Just the camaraderie and the kind of ideology
behind the group,
but also the way that's all dealt with
through humor is great.
Which, funny enough,
Ariel, I didn't tell you about this yet,
Andreas texted me this afternoon
and the entire text message
just read four lions
with like nine exclamation points,
which I guess is a movie that he loves.
We just had never talked to him about it,
but he saw the line on his list.
Andreas wants to do lions. I love that.
I love that movie too. That's a wonderful movie.
Yeah.
And Sam Bain, who's one of the writers, was actually somebody that he's a,
he's a friend. And, and when we were kind of writing this,
we sat down with him and we were like,
how did you approach writing about this and thinking about this?
And especially writing characters that,
you know,
exist so far outside of your experience.
And he had some really great insights into that.
I don't remember what any of them were,
but I remember at the time that they were really helpful.
The film is very clear out about the consequences of some of this stuff.
But unlike a lot of those movies that you just mentioned,
Arielle,
I feel like it's weirdly hopeful and weirdly progressive is actually the
right word,
I think.
And then not in the way that maybe mainstream media would characterize it,
but it sees a pathway in a way that I feel like a lot of films about
activists or direct action are often like couched in tragic circumstance.
I assume that was an intentional concept on your part,
but I was wondering if you guys could talk about that too.
Yeah, that was extremely by design.
I think that was one of the like foundational ideas behind the movie
was to make a sort of aspirational story about rebellion for the left.
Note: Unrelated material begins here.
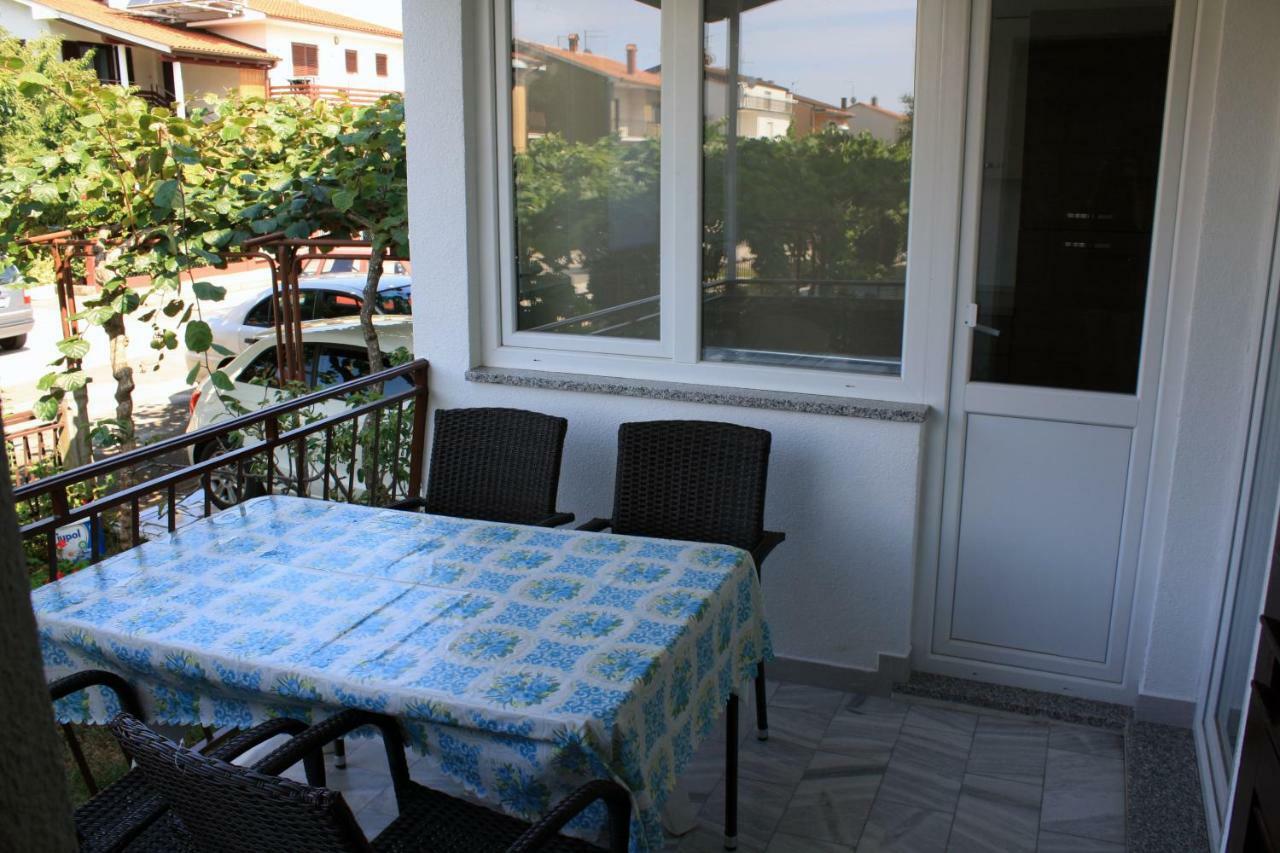 Apartment Vera Umag Exterior foto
Because it seems in my experience that all these stories about leftist action and leftist
revolution are either big budget movies funded by the military where maybe their cause is
righteous, but ultimately they've gone too far and they're the villain of the story.
Or it's an independent movie where it's about the downfall of the group and the internal politics of the group, which is interesting.
And I love those movies.
But ultimately, it becomes this kind of self-fulfilling prophecy where there's nowhere to turn.
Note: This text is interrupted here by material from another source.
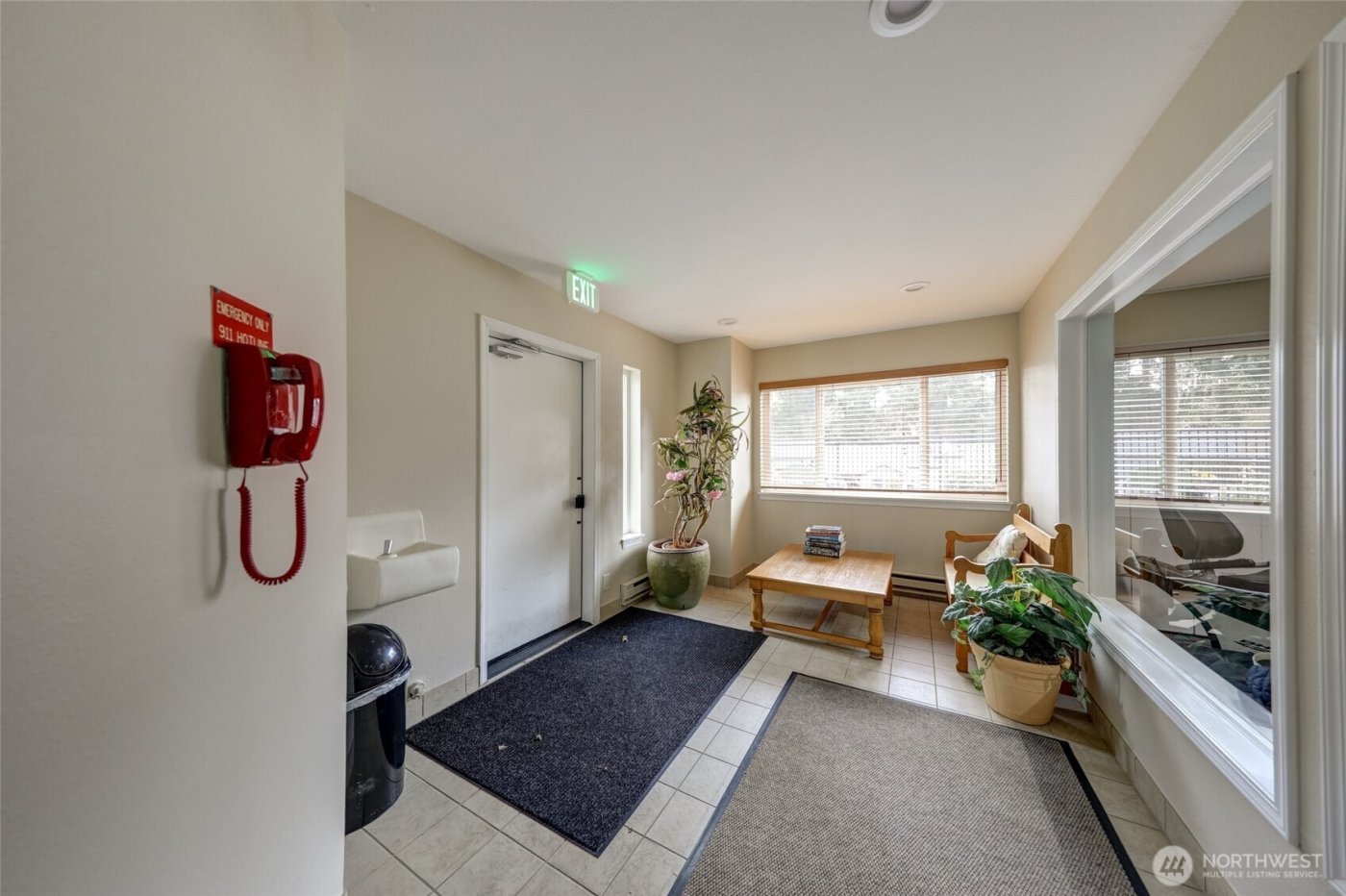 31500 33rd Place SW #V102, Federal Way, WA 98023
And I think it's all too convenient a narrative for us to say, there's not much we can do.
It's too good and easy for the big oil companies for us to all say, well, anything we could do, the politics would be shady because of this reason.
It wouldn't be the perfect revolutionary act because of this reason.
So we wanted to make that kind of aspirational thing that even if it is not a totally doable plan, it's not something.
A lot of the movie is fantastical.
It is larger than life, but it is still something that gives us somewhere to look forward to.
If we only imagine failure in our stories, we can never conceptualize a question of success.
It's not that how to blow up a pipeline is propaganda necessarily, but it is, you know, I think if it's propaganda for anything, it's propaganda for the idea that there's something that can be done to fight climate change.
And that's true. It's factually true. But if you look at movies like First Reformed, you would walk away from that film thinking that that is not true.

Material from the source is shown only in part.